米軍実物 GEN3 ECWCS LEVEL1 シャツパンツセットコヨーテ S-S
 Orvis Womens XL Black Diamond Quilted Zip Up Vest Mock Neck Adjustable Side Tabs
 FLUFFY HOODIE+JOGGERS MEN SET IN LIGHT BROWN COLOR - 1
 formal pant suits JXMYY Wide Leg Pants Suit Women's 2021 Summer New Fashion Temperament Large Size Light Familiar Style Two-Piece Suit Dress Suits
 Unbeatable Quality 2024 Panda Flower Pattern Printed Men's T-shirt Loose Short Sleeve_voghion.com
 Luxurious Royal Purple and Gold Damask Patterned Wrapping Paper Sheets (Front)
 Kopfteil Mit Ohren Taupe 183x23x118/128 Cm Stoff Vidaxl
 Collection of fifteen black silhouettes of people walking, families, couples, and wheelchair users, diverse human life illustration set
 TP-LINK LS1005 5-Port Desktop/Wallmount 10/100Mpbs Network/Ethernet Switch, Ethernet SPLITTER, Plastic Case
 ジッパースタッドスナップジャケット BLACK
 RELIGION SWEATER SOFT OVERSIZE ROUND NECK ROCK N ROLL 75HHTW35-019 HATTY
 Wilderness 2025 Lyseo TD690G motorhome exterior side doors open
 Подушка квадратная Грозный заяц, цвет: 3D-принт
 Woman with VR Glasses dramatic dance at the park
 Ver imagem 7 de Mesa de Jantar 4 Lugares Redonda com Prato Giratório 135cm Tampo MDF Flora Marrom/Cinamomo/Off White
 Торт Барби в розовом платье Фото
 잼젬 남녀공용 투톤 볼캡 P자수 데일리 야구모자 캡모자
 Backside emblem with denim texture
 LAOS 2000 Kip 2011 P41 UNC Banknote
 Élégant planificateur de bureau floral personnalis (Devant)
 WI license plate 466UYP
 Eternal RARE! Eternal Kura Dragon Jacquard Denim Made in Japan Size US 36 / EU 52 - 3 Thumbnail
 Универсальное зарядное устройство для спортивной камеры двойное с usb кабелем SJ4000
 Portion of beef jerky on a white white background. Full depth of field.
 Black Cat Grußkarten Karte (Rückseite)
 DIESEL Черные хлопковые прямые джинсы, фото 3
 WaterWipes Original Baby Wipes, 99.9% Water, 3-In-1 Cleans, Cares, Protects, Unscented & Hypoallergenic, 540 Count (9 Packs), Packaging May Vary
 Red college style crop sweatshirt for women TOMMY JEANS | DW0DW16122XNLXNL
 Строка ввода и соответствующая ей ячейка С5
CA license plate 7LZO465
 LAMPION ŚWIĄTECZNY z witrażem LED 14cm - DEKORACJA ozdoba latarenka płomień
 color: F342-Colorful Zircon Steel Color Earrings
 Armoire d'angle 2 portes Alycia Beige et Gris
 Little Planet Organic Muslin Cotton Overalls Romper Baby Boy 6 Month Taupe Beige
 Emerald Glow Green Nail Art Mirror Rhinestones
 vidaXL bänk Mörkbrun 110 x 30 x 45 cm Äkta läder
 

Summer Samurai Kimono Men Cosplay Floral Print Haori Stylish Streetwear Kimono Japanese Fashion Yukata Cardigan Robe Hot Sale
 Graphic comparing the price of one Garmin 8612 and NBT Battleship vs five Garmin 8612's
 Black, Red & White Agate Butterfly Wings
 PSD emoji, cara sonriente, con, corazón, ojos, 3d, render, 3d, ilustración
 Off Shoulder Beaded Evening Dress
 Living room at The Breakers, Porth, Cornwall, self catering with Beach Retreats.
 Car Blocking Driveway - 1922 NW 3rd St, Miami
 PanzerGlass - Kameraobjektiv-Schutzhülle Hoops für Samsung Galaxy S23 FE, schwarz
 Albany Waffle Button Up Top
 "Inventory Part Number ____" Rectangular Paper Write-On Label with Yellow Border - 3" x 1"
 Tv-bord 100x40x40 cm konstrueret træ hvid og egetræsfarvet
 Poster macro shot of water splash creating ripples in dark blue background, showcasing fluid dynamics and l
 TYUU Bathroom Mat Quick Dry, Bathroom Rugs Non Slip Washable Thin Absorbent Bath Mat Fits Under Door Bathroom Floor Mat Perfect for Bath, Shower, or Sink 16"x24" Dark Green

******

_YOUR INSTRUCTIONS:_
The first line of the entries, the line with "ジッパースタッドスナップジャケット BLACK", and every line between them should be retyped exactly, and nothing else.

_TASK RESULT:_
米軍実物 GEN3 ECWCS LEVEL1 シャツパンツセットコヨーテ S-S
 Orvis Womens XL Black Diamond Quilted Zip Up Vest Mock Neck Adjustable Side Tabs
 FLUFFY HOODIE+JOGGERS MEN SET IN LIGHT BROWN COLOR - 1
 formal pant suits JXMYY Wide Leg Pants Suit Women's 2021 Summer New Fashion Temperament Large Size Light Familiar Style Two-Piece Suit Dress Suits
 Unbeatable Quality 2024 Panda Flower Pattern Printed Men's T-shirt Loose Short Sleeve_voghion.com
 Luxurious Royal Purple and Gold Damask Patterned Wrapping Paper Sheets (Front)
 Kopfteil Mit Ohren Taupe 183x23x118/128 Cm Stoff Vidaxl
 Collection of fifteen black silhouettes of people walking, families, couples, and wheelchair users, diverse human life illustration set
 TP-LINK LS1005 5-Port Desktop/Wallmount 10/100Mpbs Network/Ethernet Switch, Ethernet SPLITTER, Plastic Case
 ジッパースタッドスナップジャケット BLACK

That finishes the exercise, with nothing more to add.